Chapter 20: Facilitating Patient Enpowerment

  1. To enable patient empowerment, nurses need to recognize that:
    a. health professionals know what is best for patients.
    b. patients need help in making health care decisions.
    c. patients are responsible for their own health.
    d. health professionals give power to patients.
  2. Patient empowerment flows from nursing’s focus on:
    a. advocacy. c. paternalism.
    b. patient care. d. locus of control.
  3. Nursing attitudes that enable patient empowerment include all of the following except:
    a. viewing nurse as partner, facilitator, resource for patients.
    b. directing patients to decisions that support good health outcomes.
    c. maintaining mutual trust and respect regardless of decisions.
    d. being aware of personal values and beliefs related to power.
  4. When Rosalie is passing medications to one of her elderly patients, the patient tells Rosalie that she does not want to take the “new medicine” because she does not know what it is for and it makes her feel funny. Rosalie tells her that the doctor thinks it will make her feel better so it is best that she take it. Rosalie’s response is an example of:
    a. patient empowerment. c. paternalistic behavior.
    b. holistic caring. d. patient teaching.
  5. Nursing knowledge that is needed in order to enable empowerment includes:
    a. ethical principles and decision-making process.

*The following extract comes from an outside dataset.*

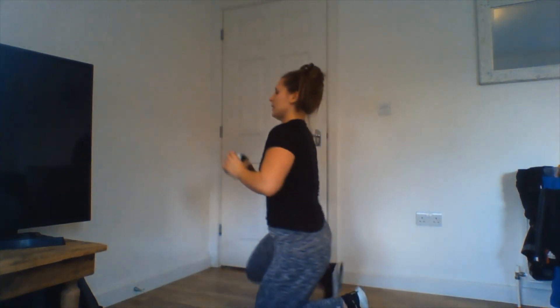Rest — shoulder presses next, pushing overhead. Make the most of this rest, shake off your shoulders. Go — pushing those tins overhead, nice and controlled. If you don't do a lot of upper body work you might find this quite challenging. If you try and do this workout regularly with your tins of beans, you might find things start getting easier. You could then increase the amount of work — going 45 seconds of work and 15 seconds of rest.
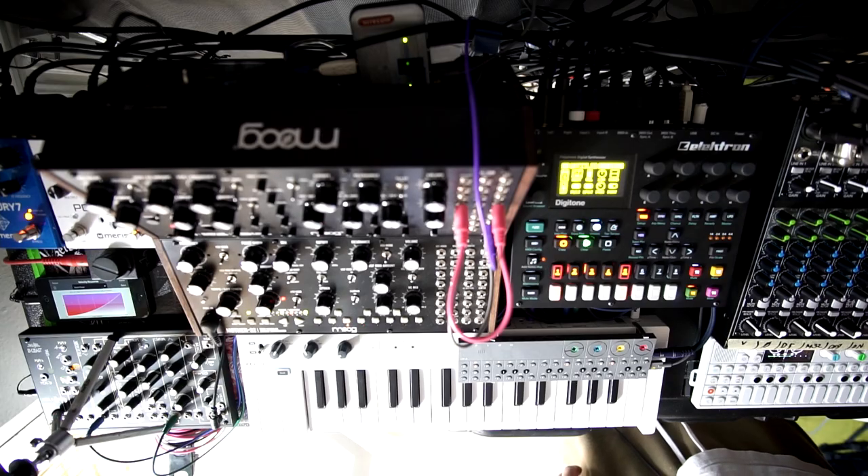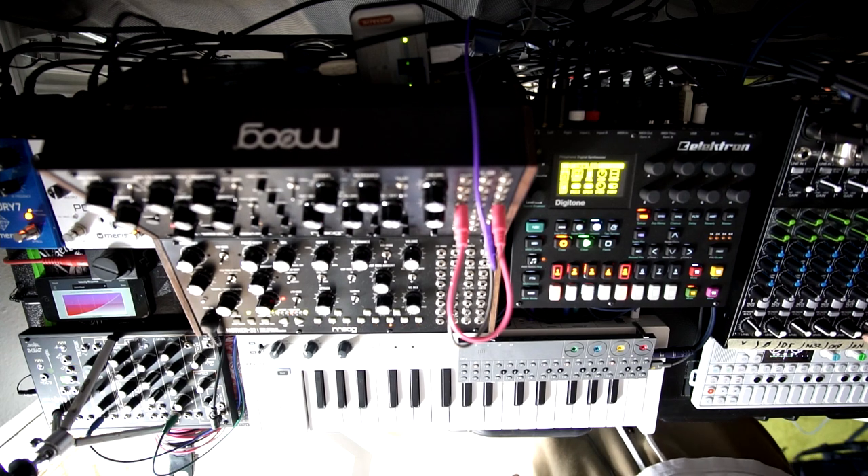That's basically my setup. You can watch my other videos to see how I use all this stuff together. Thank you very much for listening — I'll talk to you soon.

    b. values development and their impact on choices.
    c. scientific principles and evidence-based practice.
    d. a and b.
    e. all of the above.
  6. Nurses can enhance patient decision-making capacity by supporting all of the following except:
    a. opportunities for choice. c. experiences of connection.
    b. reliance on authority. d. deepening self-awareness.
  7. A patient who tells you that he cannot lose weight because his job keeps him on the road so he cannot exercise and his wife fixes too many high-calorie meals demonstrates:
    a. internal locus of control. c. negative locus of control.
    b. external locus of control. d. positive locus of control.
  8. Which of the following are potential barriers to empowerment?
    a. Comfort with change c. Limited skills
    b. Sufficient knowledge d. Available resources
  9. Nursing skills needed for enabling empowerment include:
    a. active listening and communication.
    b. collaboration and negotiation.
    c. intuitive and intellectual knowing.
    d. a and b.
    e. all of the above.
  10. Nurses foster patient empowerment when they:
    a. design and set appropriate health goals for patients.
    b. guide patients in selecting appropriate health options.
    c. design strategies within the patient’s sociocultural context.
    d. tell patients what they believe would be most empowering.